Tiba- tiba dari tempat yang tidak jauh darinya, ada sekelompok
orang yang berteriak.
“ Copeeet…Copeeettt… “
teriakan sekelompok orang tersebut.
Suara itu terdengar dari
massa yang berlarian memburu seorang pria yang lari dan membawa tas kearah
Rama. Tepat di depan tubuh Rama, pria itu terjatuh karena tersandung kaki Rama
yang sengaja ia julurkan tetap dengan posisinya tadi. Salah seorang dari massa
tersebut datang lalu memegangi pria itu.
“ Akhirnya kau tertangkap
juga, dasar pencopet keparat ” bentak salah seorang massa sambil menindih tubuh pria itu dan
menarik kerah bajunya yang membuat pria itu sesak.
Massa bertambah banyak dan
memukuli pria yang dituduh pencopet tadi, sehingga terjadi kejadian main hakim
sendiri.
“ Mati kau pencopet sialan!” umpat salah seorang massa yang ikut
memukuli pencopet itu.
Rama yang berdiri didepan
mereka, berdiri lurus dan membuang puntung rokok yang dihisapnya tadi lalu
diinjaknya. Kemudian ia pergi meninggalkan kerumunan massa yang masih memukuli
pencopet itu.
“ Dasar orang-orang bodoh,
bukan pencopet itu yang keparat, tapi
kalian. Kalian para keparat hukum yang membuat kesempatan untuk menimbulkan
niat jahat para pencopet “ gumamnya sambil tersenyum mereng hingga kerumunan
massa tertinggal jauh dibelakangnya.
Lama berjalan, Rama menuju sebuah warung kecil tempat berjualan
minuman dan makanan ringan. Karena rokok disakunya sudah habis, maka hasrat
untuk membeli rokok pun timbul dalam hatinya. Tanpa berpikir panjang, Rama pun
membeli sebungkus rokok di warung tersebut.

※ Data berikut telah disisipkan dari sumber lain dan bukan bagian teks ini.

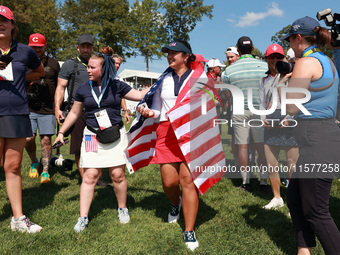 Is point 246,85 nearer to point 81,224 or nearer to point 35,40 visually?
point 81,224

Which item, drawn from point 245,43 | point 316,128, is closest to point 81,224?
point 316,128

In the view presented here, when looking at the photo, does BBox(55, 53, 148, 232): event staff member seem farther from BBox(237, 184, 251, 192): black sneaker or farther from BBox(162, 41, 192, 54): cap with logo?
BBox(237, 184, 251, 192): black sneaker

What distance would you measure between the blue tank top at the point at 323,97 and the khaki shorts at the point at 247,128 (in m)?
2.43

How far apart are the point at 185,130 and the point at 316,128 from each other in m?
1.34

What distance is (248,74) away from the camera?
480 cm

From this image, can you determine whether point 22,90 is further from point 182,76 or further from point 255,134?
point 255,134

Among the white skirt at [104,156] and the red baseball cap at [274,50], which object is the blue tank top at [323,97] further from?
the white skirt at [104,156]

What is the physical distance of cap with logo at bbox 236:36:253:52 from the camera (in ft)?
16.4

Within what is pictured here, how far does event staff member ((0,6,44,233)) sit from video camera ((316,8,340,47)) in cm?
305

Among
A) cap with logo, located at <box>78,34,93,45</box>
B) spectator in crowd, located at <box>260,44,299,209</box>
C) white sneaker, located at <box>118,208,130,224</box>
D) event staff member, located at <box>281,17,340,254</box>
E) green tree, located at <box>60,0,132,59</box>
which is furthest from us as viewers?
green tree, located at <box>60,0,132,59</box>

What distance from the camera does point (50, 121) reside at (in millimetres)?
5473

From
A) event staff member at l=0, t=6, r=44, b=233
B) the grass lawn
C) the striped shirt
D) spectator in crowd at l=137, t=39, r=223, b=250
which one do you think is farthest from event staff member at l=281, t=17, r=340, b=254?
event staff member at l=0, t=6, r=44, b=233

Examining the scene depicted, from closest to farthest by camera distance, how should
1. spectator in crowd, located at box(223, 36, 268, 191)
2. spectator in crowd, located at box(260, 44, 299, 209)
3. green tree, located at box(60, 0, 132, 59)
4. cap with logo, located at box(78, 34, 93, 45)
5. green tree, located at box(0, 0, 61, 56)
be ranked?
spectator in crowd, located at box(260, 44, 299, 209) < cap with logo, located at box(78, 34, 93, 45) < spectator in crowd, located at box(223, 36, 268, 191) < green tree, located at box(0, 0, 61, 56) < green tree, located at box(60, 0, 132, 59)

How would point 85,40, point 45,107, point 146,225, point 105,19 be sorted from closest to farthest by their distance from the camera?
point 146,225 < point 85,40 < point 45,107 < point 105,19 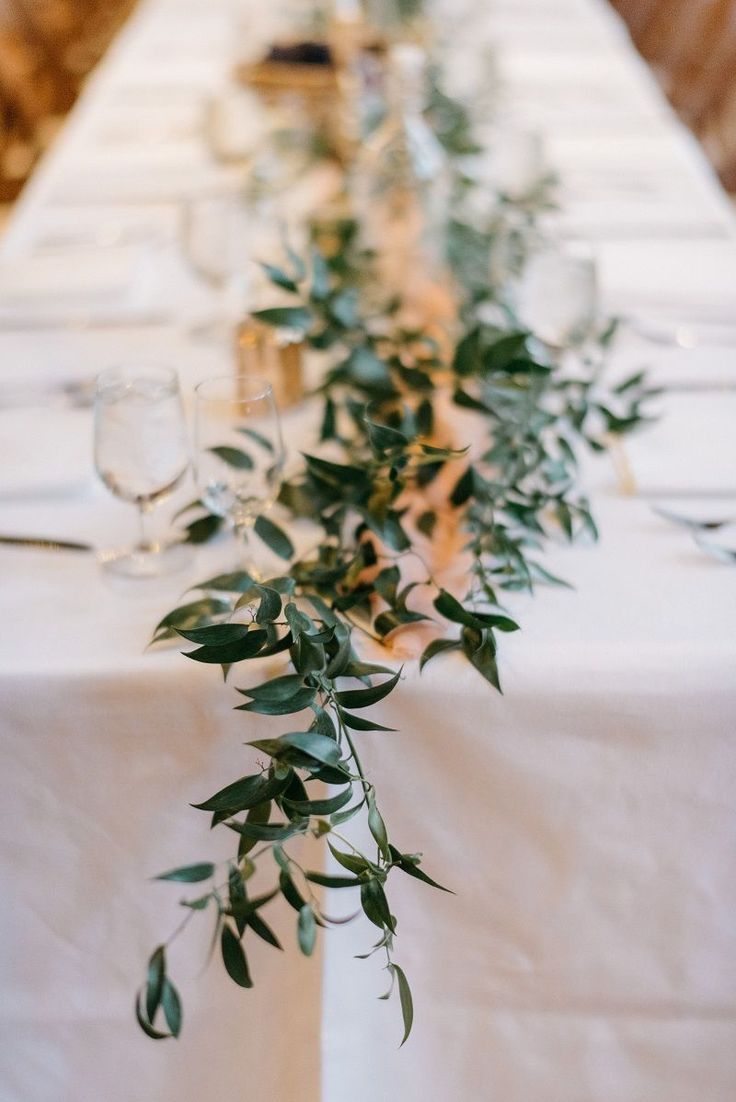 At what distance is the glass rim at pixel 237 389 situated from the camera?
0.91 meters

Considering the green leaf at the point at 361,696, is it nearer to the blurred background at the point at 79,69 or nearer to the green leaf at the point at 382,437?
the green leaf at the point at 382,437

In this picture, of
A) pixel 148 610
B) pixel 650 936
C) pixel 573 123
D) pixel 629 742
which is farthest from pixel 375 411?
pixel 573 123

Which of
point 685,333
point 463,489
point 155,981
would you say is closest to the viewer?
point 155,981

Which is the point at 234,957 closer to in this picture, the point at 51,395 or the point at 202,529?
the point at 202,529

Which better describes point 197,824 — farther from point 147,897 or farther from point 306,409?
point 306,409

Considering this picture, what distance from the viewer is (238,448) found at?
3.03ft

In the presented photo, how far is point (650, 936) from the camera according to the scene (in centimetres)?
91

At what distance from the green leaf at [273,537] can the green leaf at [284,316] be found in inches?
10.0

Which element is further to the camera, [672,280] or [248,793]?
[672,280]

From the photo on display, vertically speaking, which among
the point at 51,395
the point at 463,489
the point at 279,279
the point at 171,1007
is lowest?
the point at 171,1007

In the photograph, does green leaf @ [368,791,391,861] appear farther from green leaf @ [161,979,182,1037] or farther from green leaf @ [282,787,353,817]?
green leaf @ [161,979,182,1037]

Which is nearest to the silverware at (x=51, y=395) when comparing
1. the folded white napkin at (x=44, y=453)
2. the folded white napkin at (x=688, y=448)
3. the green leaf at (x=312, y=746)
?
the folded white napkin at (x=44, y=453)

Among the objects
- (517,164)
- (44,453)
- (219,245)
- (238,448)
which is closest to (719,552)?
(238,448)

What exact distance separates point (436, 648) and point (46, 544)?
44 cm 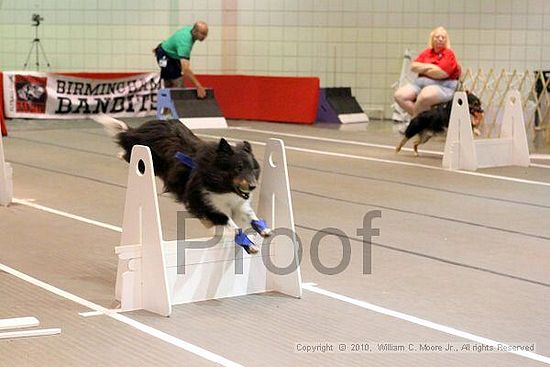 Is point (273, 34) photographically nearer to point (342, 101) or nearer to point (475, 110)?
point (342, 101)

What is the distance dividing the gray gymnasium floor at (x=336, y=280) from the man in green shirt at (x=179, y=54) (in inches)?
158

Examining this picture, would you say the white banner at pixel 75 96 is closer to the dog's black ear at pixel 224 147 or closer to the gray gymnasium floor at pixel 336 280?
the gray gymnasium floor at pixel 336 280

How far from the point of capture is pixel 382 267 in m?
5.16

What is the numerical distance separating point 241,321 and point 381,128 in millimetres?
9439

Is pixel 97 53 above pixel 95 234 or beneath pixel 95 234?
A: above

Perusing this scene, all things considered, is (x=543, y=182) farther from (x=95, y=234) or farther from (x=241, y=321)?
(x=241, y=321)

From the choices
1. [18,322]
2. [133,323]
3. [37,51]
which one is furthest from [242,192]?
[37,51]

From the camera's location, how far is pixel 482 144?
916cm

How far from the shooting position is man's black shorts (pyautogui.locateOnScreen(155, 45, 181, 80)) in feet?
42.4

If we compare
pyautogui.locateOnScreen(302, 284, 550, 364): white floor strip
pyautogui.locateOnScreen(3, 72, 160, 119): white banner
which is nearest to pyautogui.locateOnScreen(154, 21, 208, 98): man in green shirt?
pyautogui.locateOnScreen(3, 72, 160, 119): white banner

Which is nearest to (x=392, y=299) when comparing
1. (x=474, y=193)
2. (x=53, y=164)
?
(x=474, y=193)

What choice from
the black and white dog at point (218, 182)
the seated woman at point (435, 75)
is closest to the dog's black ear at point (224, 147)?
the black and white dog at point (218, 182)

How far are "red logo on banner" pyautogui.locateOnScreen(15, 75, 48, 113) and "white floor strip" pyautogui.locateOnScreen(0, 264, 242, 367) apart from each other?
882 centimetres

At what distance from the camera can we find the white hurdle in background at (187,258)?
13.8 ft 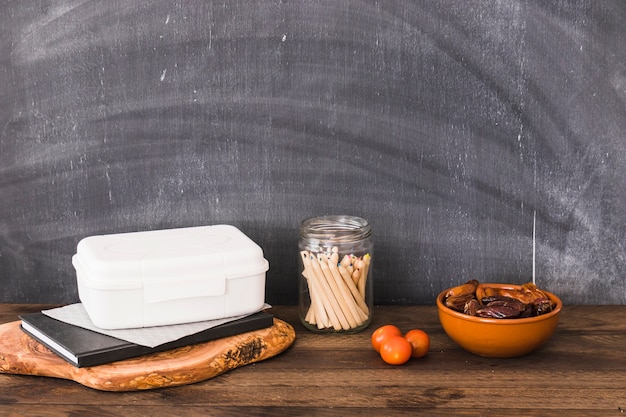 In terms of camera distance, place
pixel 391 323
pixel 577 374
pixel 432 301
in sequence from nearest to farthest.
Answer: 1. pixel 577 374
2. pixel 391 323
3. pixel 432 301

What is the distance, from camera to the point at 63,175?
1.44 meters

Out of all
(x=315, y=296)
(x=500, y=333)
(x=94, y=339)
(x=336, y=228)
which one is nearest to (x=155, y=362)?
(x=94, y=339)

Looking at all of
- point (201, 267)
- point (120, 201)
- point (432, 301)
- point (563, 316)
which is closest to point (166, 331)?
point (201, 267)

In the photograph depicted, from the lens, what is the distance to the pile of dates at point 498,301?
3.81 feet

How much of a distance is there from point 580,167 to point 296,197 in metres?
0.52

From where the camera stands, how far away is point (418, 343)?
3.88 ft

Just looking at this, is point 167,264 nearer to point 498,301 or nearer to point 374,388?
point 374,388

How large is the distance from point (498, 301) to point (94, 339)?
0.62 metres

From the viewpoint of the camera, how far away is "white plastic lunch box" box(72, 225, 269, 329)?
115 centimetres

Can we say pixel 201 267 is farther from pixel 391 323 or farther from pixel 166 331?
pixel 391 323

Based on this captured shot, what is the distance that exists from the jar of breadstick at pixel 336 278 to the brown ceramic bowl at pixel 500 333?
6.9 inches

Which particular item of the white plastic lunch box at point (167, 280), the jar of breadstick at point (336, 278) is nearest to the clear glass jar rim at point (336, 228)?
the jar of breadstick at point (336, 278)

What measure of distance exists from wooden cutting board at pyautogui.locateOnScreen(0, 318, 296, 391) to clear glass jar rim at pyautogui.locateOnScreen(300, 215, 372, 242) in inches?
7.0

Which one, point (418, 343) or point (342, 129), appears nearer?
point (418, 343) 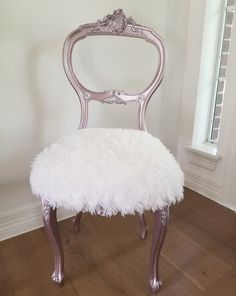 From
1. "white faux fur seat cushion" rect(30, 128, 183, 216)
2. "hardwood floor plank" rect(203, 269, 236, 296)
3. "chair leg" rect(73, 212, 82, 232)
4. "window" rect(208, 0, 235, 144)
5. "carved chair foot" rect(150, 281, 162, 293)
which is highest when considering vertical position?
"window" rect(208, 0, 235, 144)

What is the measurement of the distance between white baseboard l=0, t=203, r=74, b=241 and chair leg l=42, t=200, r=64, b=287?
0.38 meters

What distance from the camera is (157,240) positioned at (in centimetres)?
85

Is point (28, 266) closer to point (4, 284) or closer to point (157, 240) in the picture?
point (4, 284)

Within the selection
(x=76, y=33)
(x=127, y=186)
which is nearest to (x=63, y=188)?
(x=127, y=186)

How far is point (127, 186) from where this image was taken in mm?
694

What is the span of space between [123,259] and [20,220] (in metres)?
0.52

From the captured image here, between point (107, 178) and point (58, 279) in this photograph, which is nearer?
point (107, 178)

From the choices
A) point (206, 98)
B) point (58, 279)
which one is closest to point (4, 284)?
point (58, 279)

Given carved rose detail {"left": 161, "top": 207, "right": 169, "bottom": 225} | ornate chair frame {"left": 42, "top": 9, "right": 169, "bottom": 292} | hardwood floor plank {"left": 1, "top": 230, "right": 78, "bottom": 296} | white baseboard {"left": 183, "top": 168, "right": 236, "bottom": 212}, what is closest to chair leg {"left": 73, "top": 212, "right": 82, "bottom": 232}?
hardwood floor plank {"left": 1, "top": 230, "right": 78, "bottom": 296}

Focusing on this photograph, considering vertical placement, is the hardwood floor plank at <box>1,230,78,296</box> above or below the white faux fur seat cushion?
below

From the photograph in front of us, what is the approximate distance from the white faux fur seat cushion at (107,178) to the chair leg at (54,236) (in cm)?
8

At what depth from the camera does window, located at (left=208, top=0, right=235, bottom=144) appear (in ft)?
4.72

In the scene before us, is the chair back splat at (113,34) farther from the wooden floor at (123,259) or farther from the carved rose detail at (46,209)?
the wooden floor at (123,259)

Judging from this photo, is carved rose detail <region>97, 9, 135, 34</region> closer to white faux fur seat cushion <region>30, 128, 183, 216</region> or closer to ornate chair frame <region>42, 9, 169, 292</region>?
ornate chair frame <region>42, 9, 169, 292</region> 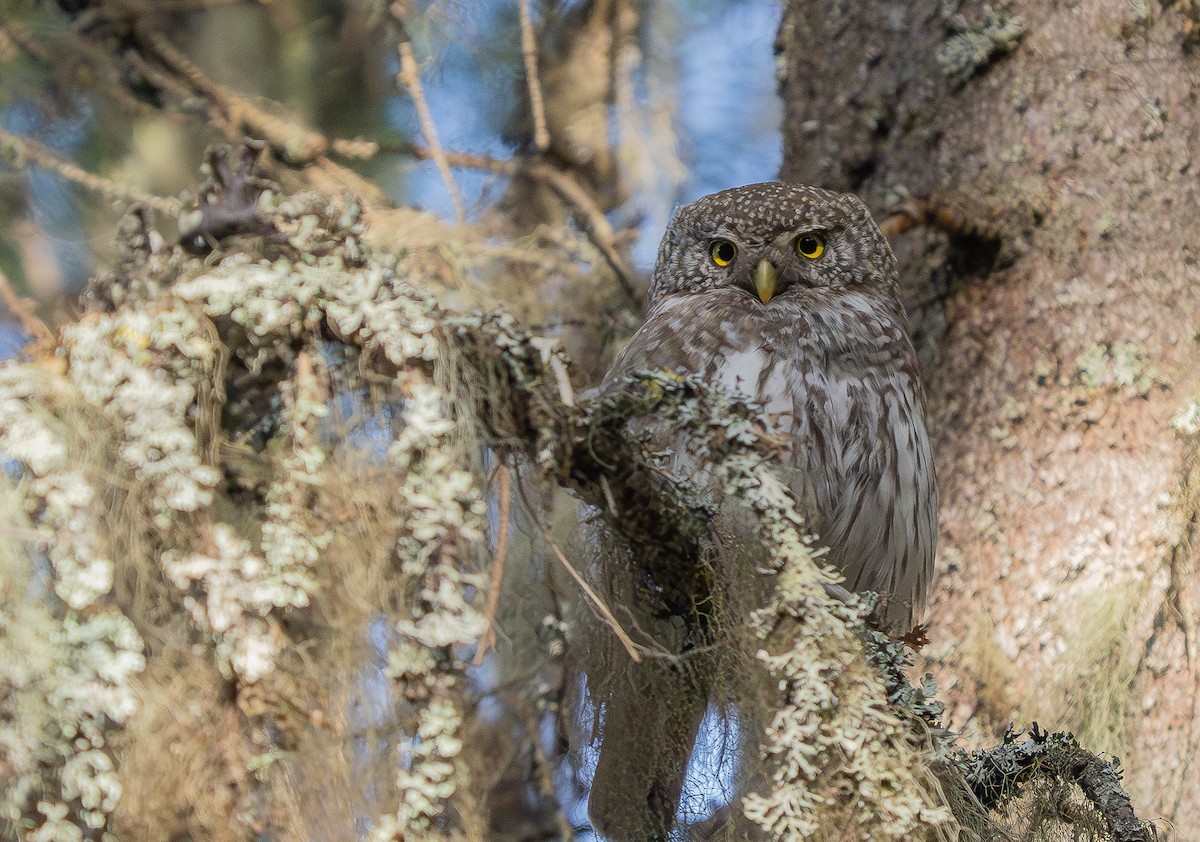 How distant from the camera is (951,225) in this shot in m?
3.18

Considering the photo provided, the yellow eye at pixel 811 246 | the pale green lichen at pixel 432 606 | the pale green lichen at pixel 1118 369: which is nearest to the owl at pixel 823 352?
the yellow eye at pixel 811 246

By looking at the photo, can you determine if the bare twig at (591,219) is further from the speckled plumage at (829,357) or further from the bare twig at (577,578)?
the bare twig at (577,578)

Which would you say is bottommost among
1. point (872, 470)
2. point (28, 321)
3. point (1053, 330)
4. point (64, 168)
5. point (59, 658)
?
point (59, 658)

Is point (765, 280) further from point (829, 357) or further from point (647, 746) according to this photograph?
point (647, 746)

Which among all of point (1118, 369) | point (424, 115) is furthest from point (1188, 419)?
point (424, 115)

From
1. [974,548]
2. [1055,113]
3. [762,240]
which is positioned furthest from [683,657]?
[1055,113]

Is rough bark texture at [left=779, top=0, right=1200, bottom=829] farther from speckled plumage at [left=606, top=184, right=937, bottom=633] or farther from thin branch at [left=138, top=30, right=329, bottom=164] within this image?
thin branch at [left=138, top=30, right=329, bottom=164]

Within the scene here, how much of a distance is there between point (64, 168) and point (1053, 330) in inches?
119

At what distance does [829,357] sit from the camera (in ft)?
9.50

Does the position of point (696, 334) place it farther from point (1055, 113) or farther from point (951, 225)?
point (1055, 113)

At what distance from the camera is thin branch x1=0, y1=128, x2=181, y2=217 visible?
329 cm

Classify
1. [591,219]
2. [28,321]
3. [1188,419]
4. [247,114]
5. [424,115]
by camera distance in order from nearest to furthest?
[28,321] < [1188,419] < [424,115] < [247,114] < [591,219]

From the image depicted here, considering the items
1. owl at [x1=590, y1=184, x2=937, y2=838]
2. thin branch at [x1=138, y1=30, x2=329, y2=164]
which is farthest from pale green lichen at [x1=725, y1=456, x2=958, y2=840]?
thin branch at [x1=138, y1=30, x2=329, y2=164]

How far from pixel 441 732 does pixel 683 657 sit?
0.49 m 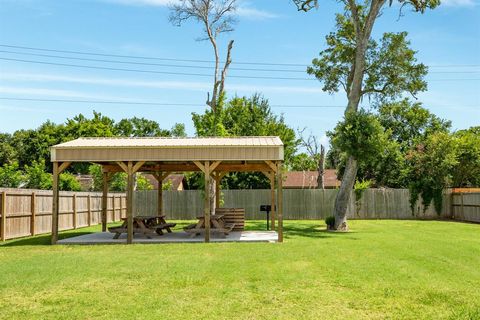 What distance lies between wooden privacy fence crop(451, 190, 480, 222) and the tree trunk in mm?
7608

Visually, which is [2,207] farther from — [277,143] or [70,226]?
[277,143]

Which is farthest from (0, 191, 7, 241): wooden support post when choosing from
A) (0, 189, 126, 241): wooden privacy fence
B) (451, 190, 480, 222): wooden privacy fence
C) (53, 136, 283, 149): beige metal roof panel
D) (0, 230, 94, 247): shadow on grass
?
(451, 190, 480, 222): wooden privacy fence

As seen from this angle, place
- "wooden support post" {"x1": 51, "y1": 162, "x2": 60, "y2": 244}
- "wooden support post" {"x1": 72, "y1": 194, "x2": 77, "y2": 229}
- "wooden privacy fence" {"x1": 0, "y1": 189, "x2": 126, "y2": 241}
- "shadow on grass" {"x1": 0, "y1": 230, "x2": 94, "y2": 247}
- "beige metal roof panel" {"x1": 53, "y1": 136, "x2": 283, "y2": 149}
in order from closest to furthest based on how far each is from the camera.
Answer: "shadow on grass" {"x1": 0, "y1": 230, "x2": 94, "y2": 247} < "wooden support post" {"x1": 51, "y1": 162, "x2": 60, "y2": 244} < "beige metal roof panel" {"x1": 53, "y1": 136, "x2": 283, "y2": 149} < "wooden privacy fence" {"x1": 0, "y1": 189, "x2": 126, "y2": 241} < "wooden support post" {"x1": 72, "y1": 194, "x2": 77, "y2": 229}

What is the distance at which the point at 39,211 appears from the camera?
1748cm

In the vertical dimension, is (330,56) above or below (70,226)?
above

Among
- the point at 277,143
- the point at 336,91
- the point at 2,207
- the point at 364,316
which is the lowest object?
the point at 364,316

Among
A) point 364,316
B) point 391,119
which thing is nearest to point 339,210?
point 364,316

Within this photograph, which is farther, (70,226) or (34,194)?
(70,226)

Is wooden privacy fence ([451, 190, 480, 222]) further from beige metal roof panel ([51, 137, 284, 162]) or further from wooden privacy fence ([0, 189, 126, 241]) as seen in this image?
wooden privacy fence ([0, 189, 126, 241])

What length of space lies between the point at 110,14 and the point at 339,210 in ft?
40.3

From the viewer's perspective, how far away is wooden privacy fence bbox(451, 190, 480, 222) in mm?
24859

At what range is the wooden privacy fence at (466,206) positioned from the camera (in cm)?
2486

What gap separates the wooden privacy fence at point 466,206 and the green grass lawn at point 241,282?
1280 cm

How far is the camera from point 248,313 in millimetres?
6406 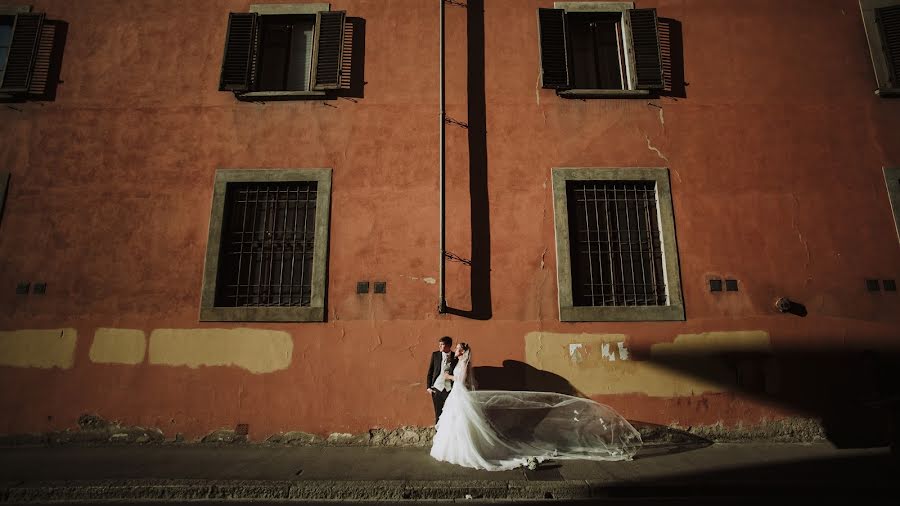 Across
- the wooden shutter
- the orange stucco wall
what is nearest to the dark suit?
the orange stucco wall

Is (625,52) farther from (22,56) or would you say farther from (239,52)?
(22,56)

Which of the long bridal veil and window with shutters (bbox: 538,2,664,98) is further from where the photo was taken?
window with shutters (bbox: 538,2,664,98)

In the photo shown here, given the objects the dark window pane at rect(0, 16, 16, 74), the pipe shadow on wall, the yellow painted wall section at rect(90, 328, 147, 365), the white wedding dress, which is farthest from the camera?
the dark window pane at rect(0, 16, 16, 74)

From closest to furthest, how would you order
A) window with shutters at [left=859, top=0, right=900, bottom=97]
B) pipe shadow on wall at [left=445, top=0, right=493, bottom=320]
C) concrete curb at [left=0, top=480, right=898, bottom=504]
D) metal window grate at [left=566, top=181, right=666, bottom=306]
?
concrete curb at [left=0, top=480, right=898, bottom=504], pipe shadow on wall at [left=445, top=0, right=493, bottom=320], metal window grate at [left=566, top=181, right=666, bottom=306], window with shutters at [left=859, top=0, right=900, bottom=97]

“ Buk, rokok yang itu satu
“ ujarnya sambil menunjuk rokok yang bermerk class mild.
“ Nih Dik rokoknya” sambil
menyodorkan rokok kepada Rama
“ Berapa harganya Buk ?”
Tanyanya dengan santai
“ Rp. 10.000 Dik “ jawab
ibu penjaga warung tersebut
Dikeluarkannya selembar
uang sepuluh ribu dari dalam dopetnya yang lusuh.
“ Nih Buk, uangnya. Terima
kasih Buk “ menyodorkan uang dengan tangan kanan
“ Sama-sama Dik “ jawabnya
sambil tersenyum manis
Berbalik kearah jalanan yang cukup padat dan membelakangi warung
tersebut, Rama tampak bingung hendak kemana. Dia tidak memiliki tujuan yang
jelas. Untuk menghilangkan kebingungannya itu, ia mengambil sebatang rokok dari
bungkusnya yang ia letakkan didalam saku jaketnya, kemudian dinyalakan rokok
tadi lalu dihisapnya sambil melihat keseberang jalan. Setelah menyulut rokok
itu, ia memasukkan kembali bungkus rokok tadi kedalam sakunya.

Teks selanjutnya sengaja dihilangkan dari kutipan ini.